[LoopVectorize] Allow inner loop runtime checks to be hoisted above an outer loop

Suppose we have a nested loop like this: void foo(int32_t *dst, int32_t *src, int m, int n) { for (int i = 0; i < m; i++) { for (int j = 0; j < n; j++) { dst[(i * n) + j] += src[(i * n) + j]; } } } We currently generate runtime memory checks as a precondition for entering the vectorised version of the inner loop. However, if the runtime-determined trip count for the inner loop is quite small then the cost of these checks becomes quite expensive. This patch attempts to mitigate these costs by adding a new option to expand the memory ranges being checked to include the outer loop as well. This leads to runtime checks that can then be hoisted above the outer loop. For example, rather than looking for a conflict between the memory ranges: 1. &dst[(i * n)] -> &dst[(i * n) + n] 2. &src[(i * n)] -> &src[(i * n) + n] we can instead look at the expanded ranges: 1. &dst[0] -> &dst[((m - 1) * n) + n] 2. &src[0] -> &src[((m - 1) * n) + n] which are outer-loop-invariant. As with many optimisations there is a trade-off here, because there is a danger that using the expanded ranges we may never enter the vectorised inner loop, whereas with the smaller ranges we might enter at least once. I have added a HoistRuntimeChecks option that is turned off by default, but can be enabled for workloads where we know this is guaranteed to be of real benefit. In future, we can also use PGO to determine if this is worthwhile by using the inner loop trip count information. When enabling this option for SPEC2017 on neoverse-v1 with the flags "-Ofast -mcpu=native -flto" I see an overall geomean improvement of ~0.5%: SPEC2017 results (+ is an improvement, - is a regression): 520.omnetpp: +2% 525.x264: +2% 557.xz: +1.2% ... GEOMEAN: +0.5% I didn't investigate all the differences to see if they are genuine or noise, but I know the x264 improvement is real because it has some hot nested loops with low trip counts where I can see this hoisting is beneficial. Tests have been added here: Transforms/LoopVectorize/runtime-checks-hoist.ll Differential Revision: https://reviews.llvm.org/D152366
author: David Sherwood <david.sherwood@arm.com> 2023-06-06 08:06:37 +0000
committer: David Sherwood <david.sherwood@arm.com> 2023-08-24 12:14:02 +0000
commit: c02184f286d13160460f0b2e38e4fd2a3edff7f0 (patch)
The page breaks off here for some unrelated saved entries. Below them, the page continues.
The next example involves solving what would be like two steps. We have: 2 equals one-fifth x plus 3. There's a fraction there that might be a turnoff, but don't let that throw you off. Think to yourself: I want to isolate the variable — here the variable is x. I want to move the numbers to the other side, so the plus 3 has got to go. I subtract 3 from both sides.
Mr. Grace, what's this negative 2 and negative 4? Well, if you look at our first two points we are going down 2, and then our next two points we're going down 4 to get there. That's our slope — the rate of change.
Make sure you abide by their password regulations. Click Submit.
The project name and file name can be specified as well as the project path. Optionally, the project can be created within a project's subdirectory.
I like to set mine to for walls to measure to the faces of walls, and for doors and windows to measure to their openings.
tree: f6f20ec9d0e6b3f39aeb0a5c4444b4d458931285 /llvm/lib/Transforms/Utils/LoopUtils.cpp
parent: d86a7d631c32341fd86fa5ecd247957cdb2c58d1 (diff)
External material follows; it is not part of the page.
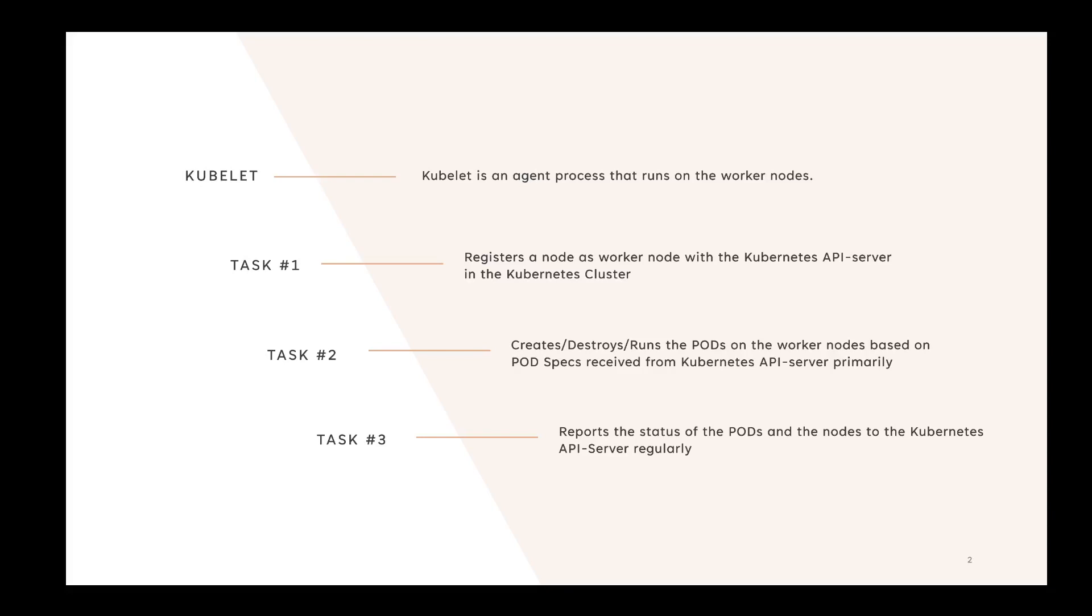The second task is that it creates, destroys, or runs the pods on the worker nodes based on the pod specs that it receives mainly from the Kube API server. It could also read the pod specs from a file system, but that's actually very rare.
download: llvm-c02184f286d13160460f0b2e38e4fd2a3edff7f0.zip
llvm-c02184f286d13160460f0b2e38e4fd2a3edff7f0.tar.gz
llvm-c02184f286d13160460f0b2e38e4fd2a3edff7f0.tar.bz2
1 files changed, 73 insertions, 10 deletions
diff --git a/llvm/lib/Transforms/Utils/LoopUtils.cpp b/llvm/lib/Transforms/Utils/LoopUtils.cpp
index 6e0c195..1b2b371 100644
--- a/llvm/lib/Transforms/Utils/LoopUtils.cpp
+++ b/llvm/lib/Transforms/Utils/LoopUtils.cpp
@@ -1628,42 +1628,92 @@ Loop *llvm::cloneLoop(Loop *L, Loop *PL, ValueToValueMapTy &VM,
 struct PointerBounds {
   TrackingVH<Value> Start;
   TrackingVH<Value> End;
+  Value *StrideToCheck;
 };
 
 /// Expand code for the lower and upper bound of the pointer group \p CG
 /// in \p TheLoop.  \return the values for the bounds.
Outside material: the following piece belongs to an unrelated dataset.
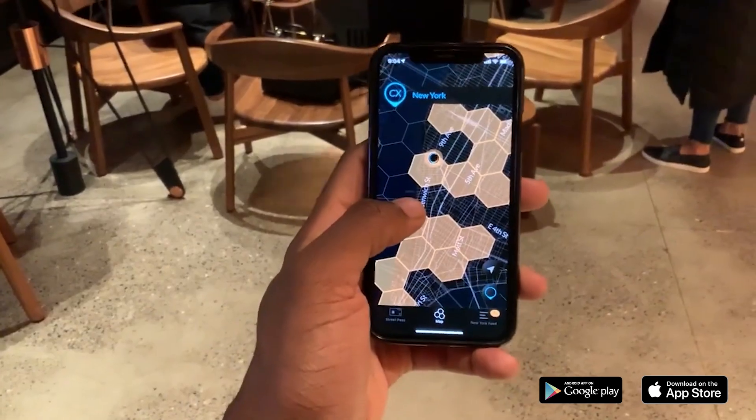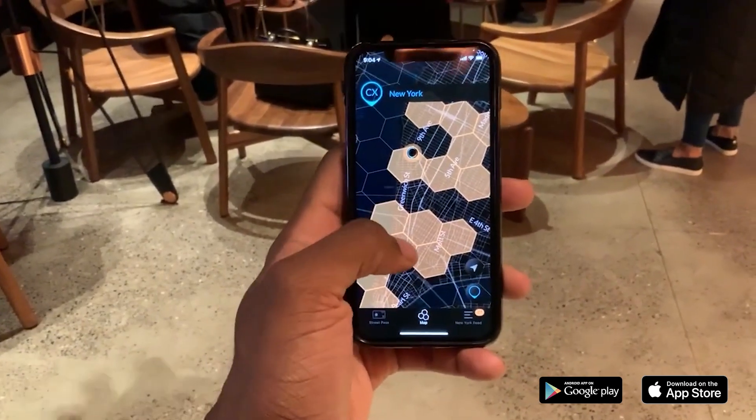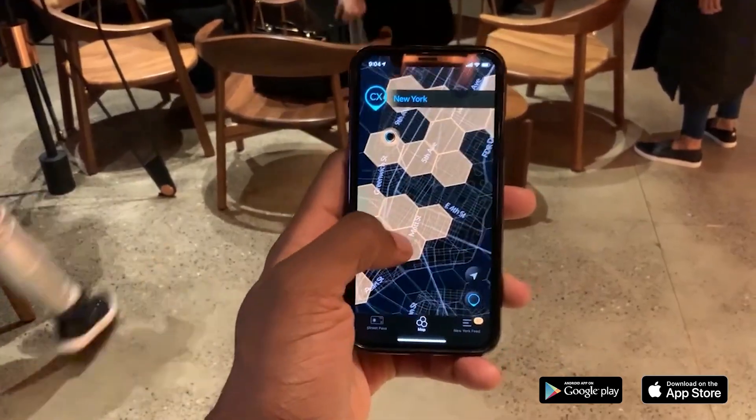Cityscape is my dApp that's already published on the App Store with active players. I was looking at Kaspa as one of the blockchains for Cityscape and said it looks great, especially as a layer one, but I need smart contracts, so I'm going to pass. I just published that video last week, and here I am today saying, hmm, maybe I should use Kaspa as a layer one for StreetCred.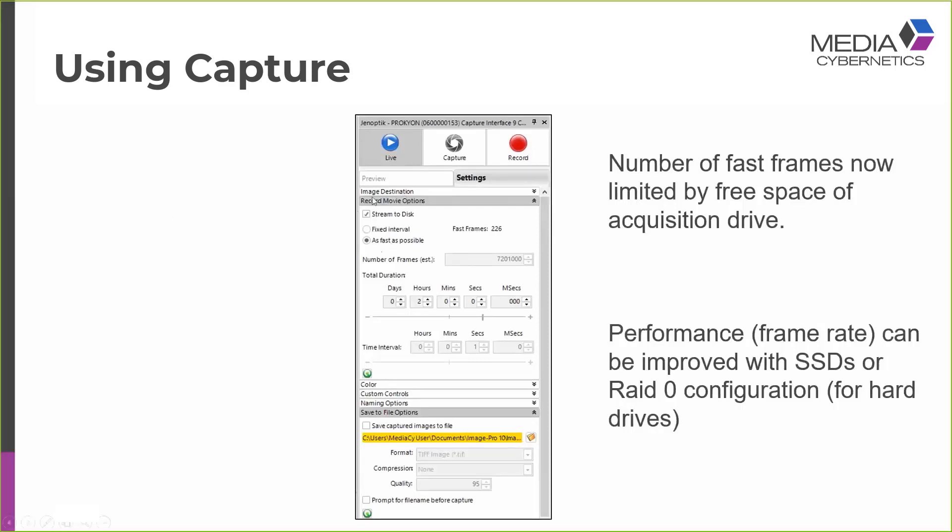So this seems to be a bit of a no-brainer, really. You usually want to use the option to stream to disk if you're looking to acquire as fast as possible. Performance of cameras can be improved with solid-state drives or with hard drives in a RAID 0 configuration.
 static PointerBounds expandBounds(const RuntimeCheckingPtrGroup *CG,
                                   Loop *TheLoop, Instruction *Loc,
-                                  SCEVExpander &Exp) {
+                                  SCEVExpander &Exp, bool HoistRuntimeChecks) {
   LLVMContext &Ctx = Loc->getContext();
   Type *PtrArithTy = PointerType::get(Ctx, CG->AddressSpace);
 
   Value *Start = nullptr, *End = nullptr;
   LLVM_DEBUG(dbgs() << "LAA: Adding RT check for range:\n");
-  Start = Exp.expandCodeFor(CG->Low, PtrArithTy, Loc);
-  End = Exp.expandCodeFor(CG->High, PtrArithTy, Loc);
+  const SCEV *Low = CG->Low, *High = CG->High, *Stride = nullptr;
+
+  // If the Low and High values are themselves loop-variant, then we may want
+  // to expand the range to include those covered by the outer loop as well.
+  // There is a trade-off here with the advantage being that creating checks
+  // using the expanded range permits the runtime memory checks to be hoisted
+  // out of the outer loop. This reduces the cost of entering the inner loop,
+  // which can be significant for low trip counts. The disadvantage is that
+  // there is a chance we may now never enter the vectorized inner loop,
+  // whereas using a restricted range check could have allowed us to enter at
+  // least once. This is why the behaviour is not currently the default and is
+  // controlled by the parameter 'HoistRuntimeChecks'.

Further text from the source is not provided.